George Neuner wrote on 2/7/19 12:43 PM:
No offense to Herman, but I think the problem with consulting experts is that there are relatively few language experts who are available to consult.

I suspect there's so very little *market* for such little language experts.  Some non-exhaustive suggestions of why:

* Reasons like you suggest.  (Is this person going to be sufficiently engaged to do it well.)

* Egos/opinionatedness/fun.  (What developer thinks they can't design a language and doesn't have some ideas about that?  And possible morale hit to team if pushed by manager?)

* How do you even evaluate skill in little language design, to find the expert.  (This doesn't seem to be as easily objective as "have added a new target architecture to GCC or LLVM".  It's soft/vague, and industry even has trouble vetting developer candidates for skills that supposedly the organization does understand, like basic software development.)

We can talk all day about how industry people should value some intellectual niche for consultants, but it might just be easier to just get a professorship instead (also nontrivial). :)  If you solve the consulting market problem, "https://www.neilvandyke.org/racket-money/"; wants to know.

(Also, if someone has expertise in some niche technical (non-management-consulting) area, do they really want to be running a niche technical consulting business, or would they rather focus on doing great work in those technical areas, and just have gobs of money appear in their bank account (without dividing attention to constantly drumming up business, invoicing and work reports, tax accounting, professional insurance, sector compliances, solo 401k, etc.).)

I think every *serious* developer should read at least an introductory text on compilers.  Even if you never try to implement your own language, understanding what happens to your code when its compiled makes you a better programmer.
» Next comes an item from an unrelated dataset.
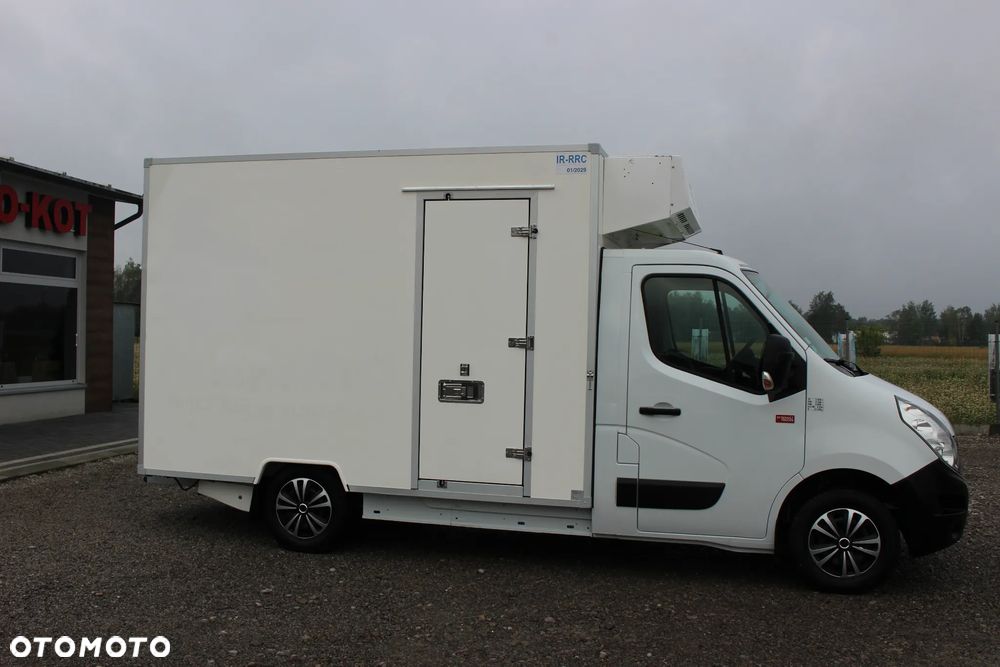 Renault MASTER 2.3 DCI*125 KM* / AGREGAT THERMO-KING / MROŹNIA /SERWIS FR / SUPER STAN / - 23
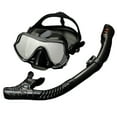 thumbnail image 1 of PENGXIANG Premium Snorkel Set Adult with Mouthpieces Diving Masque Goggles, 1 of 8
Definitely.  (Do pretty much all CS undergrad curricula currently include some kind of compilers/translation-to-arch?  And it's accessible to all CS undergrads, not an elective, nor a hated weedout?)

Separate from compilers and underlying architecture, and perhaps especially with "little languages" and DSLs, there's also the linguistics or even HCI side.  Which (depending on the language intent) is possibly entirely orthogonal to implementation.  What makes a good language for a purpose.  One thing that I suspect helps with this is experience with many different languages and approaches, so you have a breadth from which to draw, and some insight into them (not just book-learnin').  I assume it also helps to understand users of your language, what they know and want to do, and what you can convey&convince.

For the linguistic side, evaluation criteria might be hard.  (Do people qualitatively like using it?  What's the adoption, and how is that involved in merit or telling us what's good or bad about it? Controlled productivity/maintainability/defect metrics?  Does a particular employer use it, for whatever reason?   Does some quality of formal semantics or syntax say people should like this little language, and if they don't, they don't deserve such a fine language?  etc.).